Dans le livre sont enclavées quatre pièces lyriques, les « chants du Serviteur », 42.1-4 (5-9) ; 49.1-6 ; 50.4-9 (10-11) ; 52.13–53.12. Ils présentent un parfait serviteur de Yahvé, rassembleur de son peuple et lumière des nations, qui prêche la vraie foi, qui expie par sa mort les péchés du peuple et est glorifié par Dieu. Ces passages sont parmi les plus étudiés de l’Ancien Testament et l’on ne s’accorde ni sur leur origine ni sur leur signification. L’attribution des trois premiers chants au Second Isaïe reste très vraisemblable ; il est possible que le quatrième soit l’œuvre d’un de ses disciples.
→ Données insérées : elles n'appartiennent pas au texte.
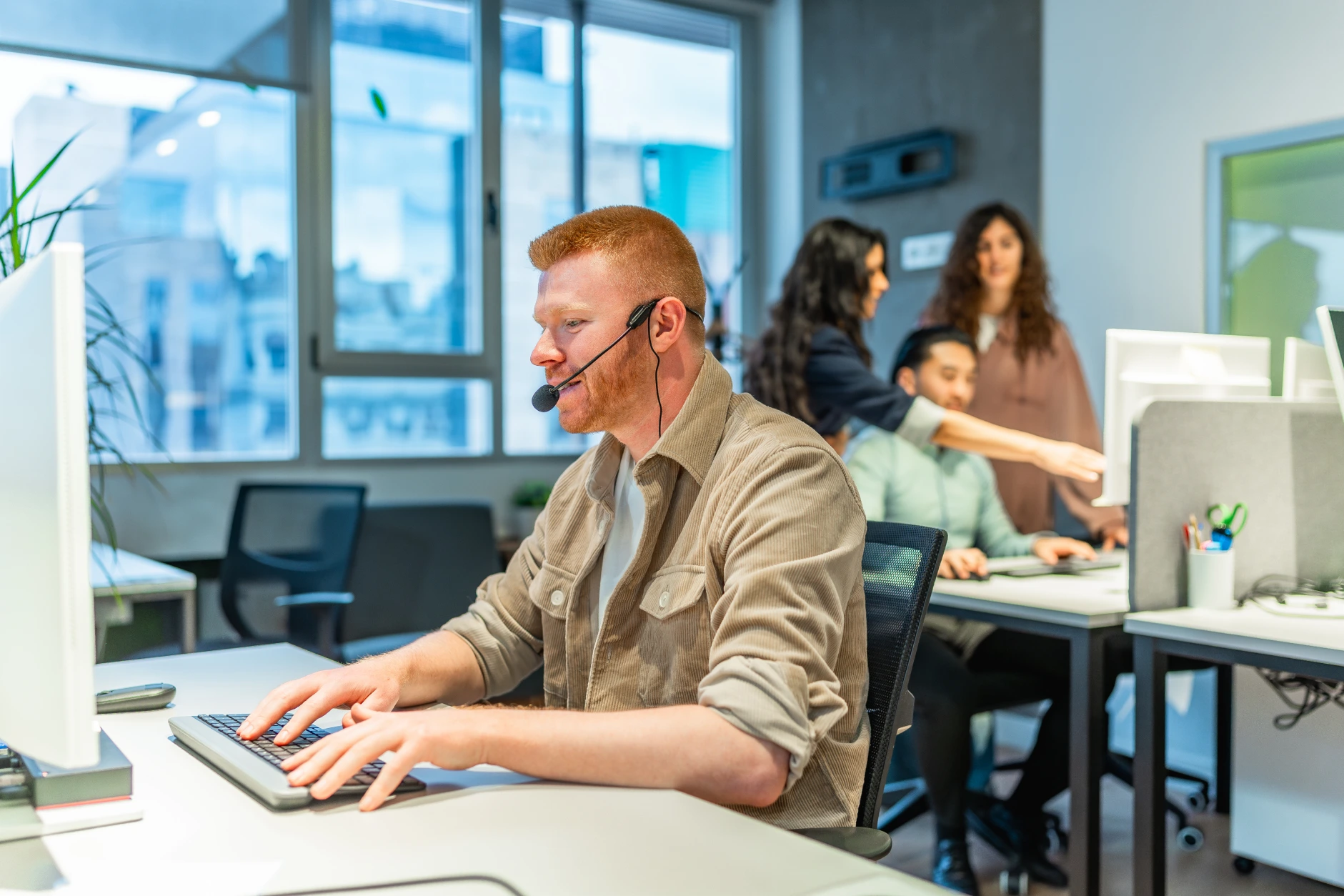 Key Benefits of Contact Centre as a Service (CCAAS)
L’identification du Serviteur est très discutée. On y a souvent vu une figure de la communauté d’Israël, à laquelle d’autres passages du Second Isaïe donnent effectivement le titre de « serviteur ». Mais les traits individuels sont trop marqués et c’est pourquoi d’autres exégètes, qui forment actuellement la majorité, reconnaissent dans le Serviteur un personnage historique du passé ou du présent ; dans cette perspective, l’opinion la plus attrayante est celle qui identifie le Serviteur avec le Second Isaïe lui-même ; le quatrième chant aurait été ajouté après sa mort. On a combiné aussi les deux interprétations en considérant le Serviteur comme un individu incorporant les destinées de son peuple.
De toute manière, une interprétation qui se limiterait au passé ou au présent ne rend pas suffisamment compte des textes. Le Serviteur est le médiateur du salut à venir et cela justifie l’interprétation messianique qu’une partie de la tradition juive elle-même a donnée de ces passages, moins l’aspect de la souffrance. Ce sont au contraire les textes sur le Serviteur souffrant et son expiation vicaire que Jésus a retenus en les appliquant à lui-même et à sa mission, Lc 22.19-20, 37 ; Mc 10.45, et la première prédication chrétienne a reconnu en lui le Serviteur parfait annoncé par le Second Isaïe, Mt 12.17-21 ; Jn 1.29.
La dernière partie du livre, chap. 56-66, a été considérée comme l’œuvre d’un autre prophète qu’on a appelé le « Trito-Isaïe », le Troisième Isaïe. On reconnaît généralement aujourd’hui que c’est un recueil composite. Le Psaume de 63.7–64.11 paraît antérieur à la fin de l’Exil ; l’oracle de 66.1-4 est contemporain de la reconstruction du Temple vers 520 av. J.-C. La pensée et le style des chap. 60-62 les apparentent de très près au Second Isaïe. Les chap. 56-59, dans leur ensemble, peuvent dater du Ve siècle av. J.-C. Les chap. 65-66 (sauf 66.1-4), qui ont une forte saveur apocalyptique, ont été datés de l’époque grecque par certains exégètes, mais d’autres les placent au lendemain du retour de l’Exil. Prise en général, cette troisième partie du livre apparaît comme l’œuvre des continuateurs du Second Isaïe ; c’est le dernier produit de la tradition isaïenne qui a prolongé l’action du grand prophète du VIIIe siècle.
On a retrouvé dans une grotte du bord de la mer Morte un manuscrit complet d’Isaïe datant probablement du IIe siècle avant notre ère. Il s’écarte du texte massorétique par une orthographe particulière et par des variantes dont certaines sont utiles pour l’établissement du texte. Elles sont indiquées dans les notes par le sigle 1 QIsa.